-- EXERCISE AIM --
Transcribe the full listing below, word for word, without pictures.

-- RECORDED INFORMATION --
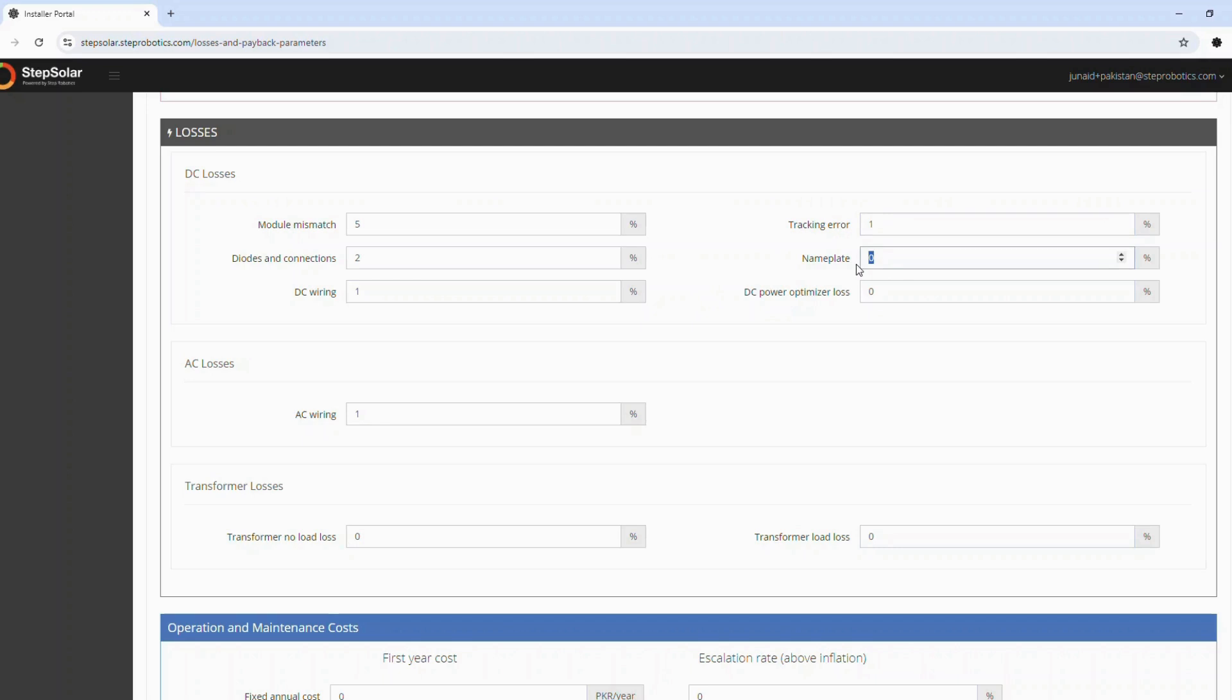Nameplate percent - Account for nameplate losses in percentage. DC power optimizer loss percent - Enter the loss percentage attributed to DC power optimizers.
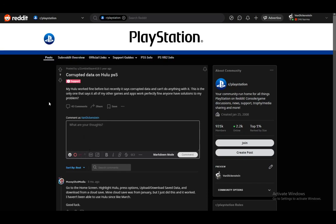Hey everybody, what's going on? I hope you're all doing well and welcome to another tutorial video. In this video, I'll be helping you fix the corrupted data on Hulu PS5 error. Let's get right into it.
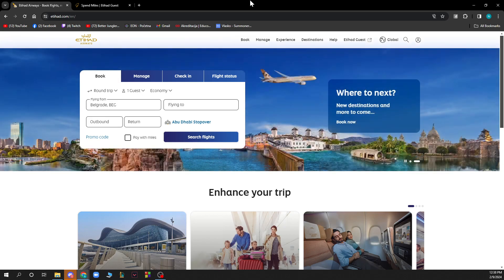The first thing you need to do is go to etihad.com and you'll be greeted by a website like this. When you're here, you just need to log into your Etihad profile. If you do not have one, you can always register. If you don't know how to do that, you can go to our YouTube channel where we have plenty of Etihad Airways how-to videos.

-- EXERCISE RESPONSE --
Nameplate percent - Account for nameplate losses in percentage. DC power optimizer loss percent - Enter the loss percentage attributed to DC power optimizers.
Hey everybody, what's going on? I hope you're all doing well and welcome to another tutorial video. In this video, I'll be helping you fix the corrupted data on Hulu PS5 error. Let's get right into it.
The first thing you need to do is go to etihad.com and you'll be greeted by a website like this. When you're here, you just need to log into your Etihad profile. If you do not have one, you can always register. If you don't know how to do that, you can go to our YouTube channel where we have plenty of Etihad Airways how-to videos.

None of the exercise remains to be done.